How to Monitor AWS Lambda Function Performance and Latency

How to Monitor AWS Lambda Function Performance and Latency

Table of Contents

You monitor Lambda function performance and latency primarily through the Duration metric in CloudWatch, using percentile statistics – p95 and p99 – rather than average. Average duration is almost always misleading: a function that completes in 50ms 99% of the time but takes 4 seconds on cold starts will show a deceptively healthy average. Percentiles expose what your slowest users are actually experiencing.

Latency in Lambda comes from two distinct sources – your code’s execution time and the cold start initialization that precedes it on the first invocation in a new execution environment – and they need to be tracked separately.

Key Takeaways

  • Monitor Duration with p99, not average – average hides the tail latency that your slowest users feel
  • Cold start Init Duration is not part of the Duration metric – it is reported separately in the REPORT log line and requires Lambda Insights or a log metric filter to track as a proper metric
  • The right alert threshold for latency is 80% of your configured timeout – this catches degradation before invocations start failing
  • For API Gateway-fronted Lambda functions, also monitor API Gateway’s Latency and IntegrationLatency metrics – they capture end-to-end latency, including API Gateway’s own overhead, which Lambda Duration alone does not
  • Memory and latency are directly linked in Lambda – CPU is allocated proportionally to memory, so an underpowered function is often a slow function

The Two Types of Lambda Latency

Before setting up monitoring, it helps to separate the two latency buckets Lambda gives you.

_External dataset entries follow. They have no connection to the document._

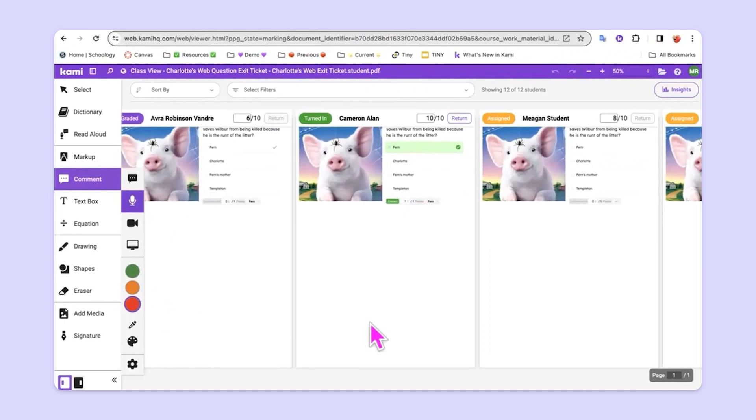So you can see that when we use Kami with Google Classroom, the possibilities are really endless. Teachers can augment student learning by giving differentiated feedback and instructions to students and their workflow is streamlined and made easier in the process.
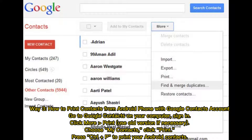Way 3: How to print contacts from Android with your Google Contacts account. Go to Google Contacts on your computer and sign in. Click More, then Print — use the old version if necessary. Choose My Contacts and click Print. Press Ctrl+P to print your Android contacts.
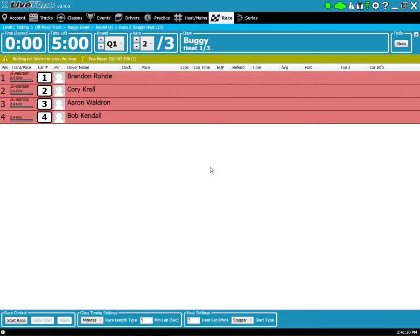Hi, Cory Carole here with another live time training video. This video goes over the race screen, the things that you can set up and do prior to running the race, and what you can do during the race.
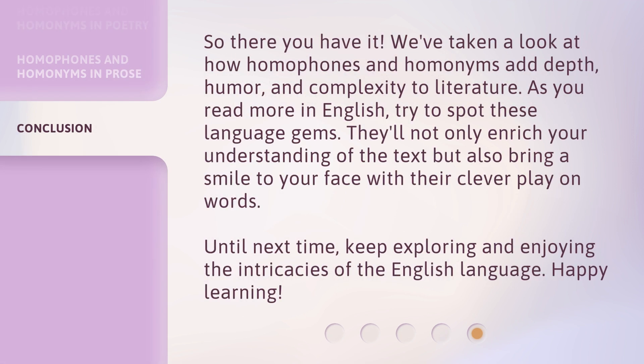So, there you have it. We've taken a look at how homophones and homonyms add depth, humor, and complexity to literature. As you read more in English, try to spot these language gems. They'll not only enrich your understanding of the text, but also bring a smile to your face with their clever play on words. Until next time, keep exploring and enjoying the intricacies of the English language. Happy learning!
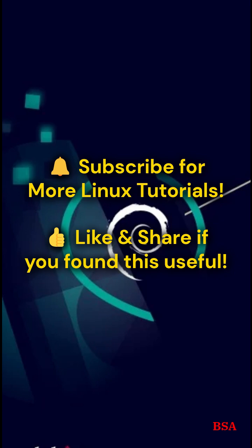Now you know how to manage processes like a pro. What's your favorite Linux command? Let me know in the comments.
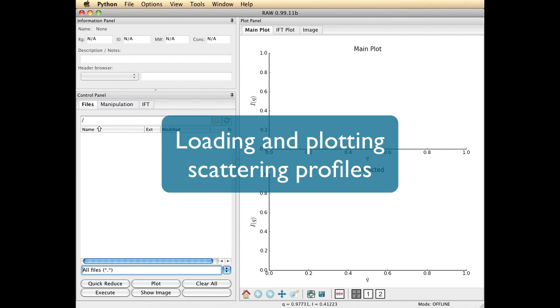In this first demonstration, I'm going to show you the very basic tasks that you'll need in order to use RAW, loading some small angle scattering profiles and manipulating them and plotting them in the plotting window.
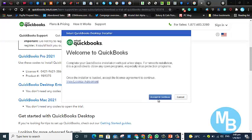Then you are going to select accept and continue. Basically, you are accepting the license agreement. You can view and read it if you want to, but for now, we are just going to select accept and continue.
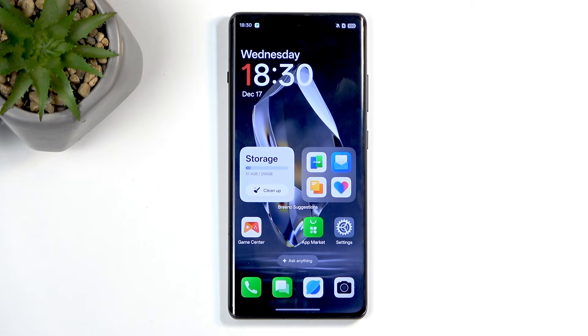Welcome. This is a OnePlus Ace 3 and today I'll show you how you can hard reset this device through recovery mode.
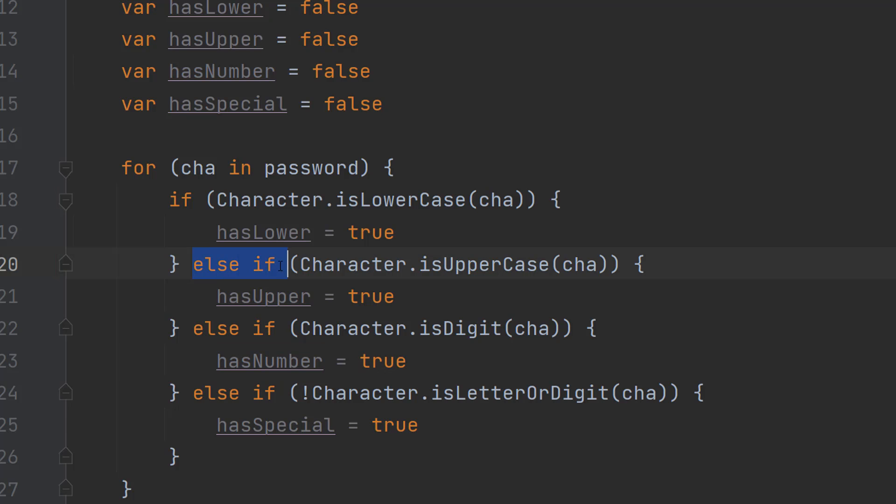Then we do an else if character.isUpperCase. If the current character is an uppercase character we then do hasUpper equals true.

Execution latency is the time from when your handler starts to when it returns. This is what the Duration metric captures. It includes your code logic, SDK calls, and any downstream calls to DynamoDB, RDS, HTTP APIs, or other services.

Initialization latency (cold start) is the time Lambda spends setting up the execution environment before your handler runs – downloading your code, starting the runtime, and running your module-level initialization code. This is the Init Duration value in the REPORT log line. It is billed separately from Duration (since August 2025) and is not included in the Duration metric.

If you only watch Duration, you are only watching half the latency picture.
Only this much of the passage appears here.